I would like some guidance on how to best parallelize this loop. I've played around with the parallel: macro, and using spawn, but haven't gotten a working solution yet. It isn't entirely clear what the best approach should be:
for i,face in faces:  #face is a path to an image file
    var width,height,channels:int
    #loads and decodes jpgs/pngs from disk returning a seq[byte]
    let data = stbi.load(face,width,height,channels,stbi.Default)
    if data != nil and data.len != 0:
        let target = (GL_TEXTURE_CUBE_MAP_POSITIVE_X.int+i).TexImageTarget
        #sets up opengl texture
        glTexImage2D(target.GLenum,
                     level.GLint,
                     internalFormat.GLint,
                     width.GLsizei,
                     height.GLsizei,
                     0,
                     format.GLenum,
                     pixelType.GLenum,
                     data[0].unsafeAddr)  #error on this when using parallel:
    else:
        echo "Failure to Load Cubemap Image"

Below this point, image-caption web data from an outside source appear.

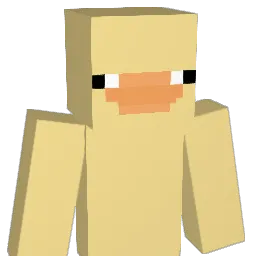 BromleyTheFire Minecraft avatar bust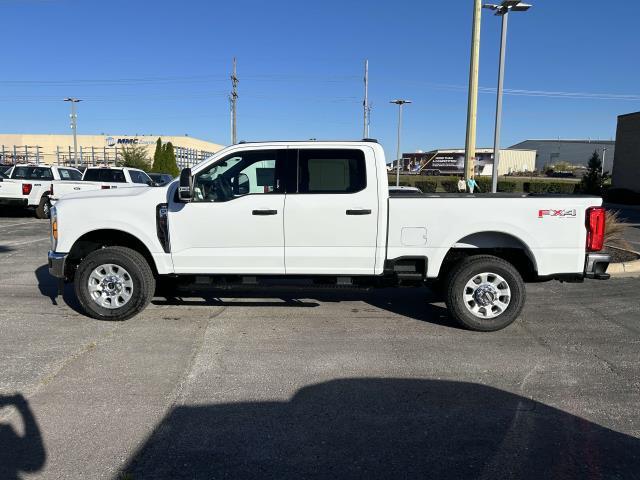 new 2024 Ford F-350 car, priced at $55,500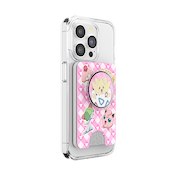 Enamel Fairy Type Picnic &mdash; MagSafe PopWallet+ image number 7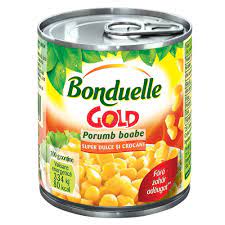 BONDUELLE PORUMB CT 425ML/12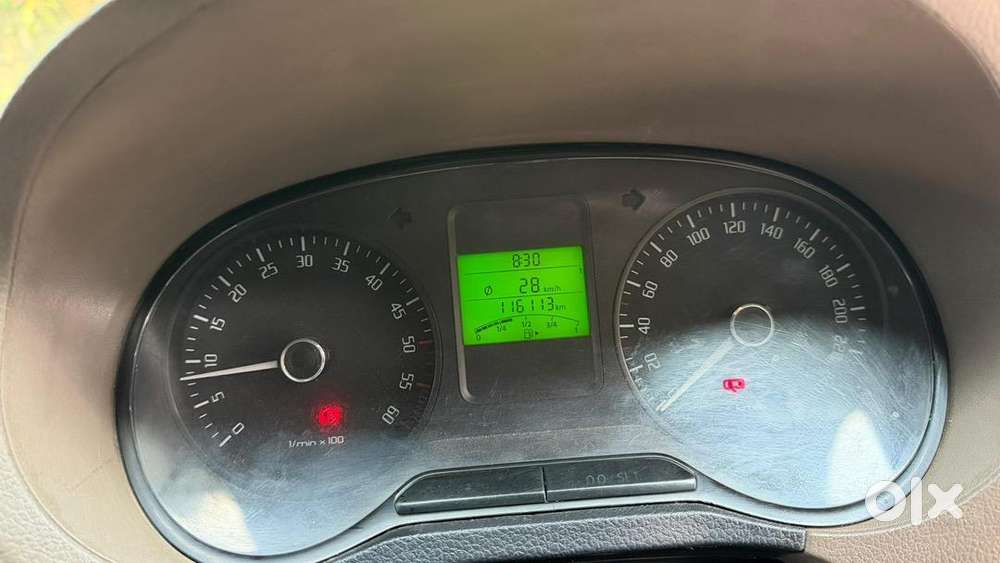 Skoda Diesel Car 2013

When I try to just use the parallel: macro I get: Error: cannot prove: 0 <= len(data) + -1 (bounds check)
I also experimented with spawn but wasn't clear on how to use that well.
from this post
convert something like the following to suit your specific usage
  var
    LoopSz = faces.len
    res: array[LoopSz, int]
  parallel:
    for i in 0..LoopSz-1:
      spawn whateverNeedsDoingInParallel(..., res[i], ....)
  sync()
  for i in 0..LoopSz-1:
    aggResult = doSomeAggregationOfResults(res[i])
Note: currently don't do 0..<LoopSz (unless that has been fixed).
sync() simply waits till all your spawned threads are finished. If you call spawn n-times on the same proc it´s almost the same as parallel except that parallel does some additionally checks for you. Also you don't need to collect the FlowVars and check manually with ^ (on each FlowVar) (or use sync()) till all threads are finished. To refer to the docu-link of jlp765: if you exit the parallel-block everything is done.
Inside the parallel-block you need to use spawn and tune your degree of parallelism (split your data in n-chunks and process each chunk with a workerthread). So parallel is a higher level of abstraction to work with threads.
I don´t know what happens if you first spawn some threads and then enter a parallel block (and also spawn some threads). Never tried that but it should work.